Hakkenden

Hakkenden: Eight Dogs Of The East Season 1 (Cert 15)

3 Discs DVD/2 Discs Blu-ray (Distributor: MVM) Running time: 334 minutes approx.

When you are creating a manga and you take your inspiration from a legendary epic series that runs for 106 volumes, it is fair to say there is plenty of material to choose from to adapt. Or, if you are Miyuki Abe, you can just borrow the very basic elements of the central premise then make your own story up, as she did with Hakkenden: Eight Dogs Of The East.

A prologue set five years before the main story sees three young people, Shino Inuzuka, Sosuke Inukawa and Hamaji clinging onto life after a plague has wiped out their entire village. A mysterious figure appears and offers them refuge in his church, but only after he gives Shino, the sickest of the trio, a chance to make a pact which will save his life.

Fast forward to the present day and the three kids have grown to be a close family living at the church although the rest of the villagers view them as demons through surviving that deadly plague. Little do they know the truth behind their survival and Shino’s in particular, which is about to be exposed when representatives from the Imperial Church arrive looking for Shino.
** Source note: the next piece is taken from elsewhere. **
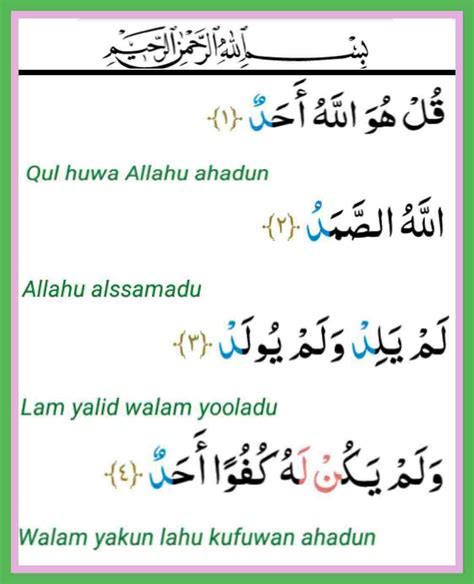 Tafsir Surah Al Ikhlas Tafseer Of The Holy Quran 112 Surah Al Ikhlas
It is probably a little spurious to call Abe’s work an adaptation of Kyokutei Bakin’s monstrous tome Nansō Satomi Hakkenden since the only real connecting features are the characters’ names and the dog motif, otherwise everything else is exclusive to Abe. With Bakin’s novel having been written in the early 19th century, one can infer Abe’s intention of introducing younger viewers to it via her updated meshing of styles.

And that is something which defines this anime series and not in a good way. To expand further on Shino’s situation, the pact he made was to take possession of a demon sword called Murasame which can kill anything. Murasame rests in Shino’s right arm but also manifests itself as a talking crow that flies about independently – quite why it needs to be embedded in Shino’s arm remains unanswered.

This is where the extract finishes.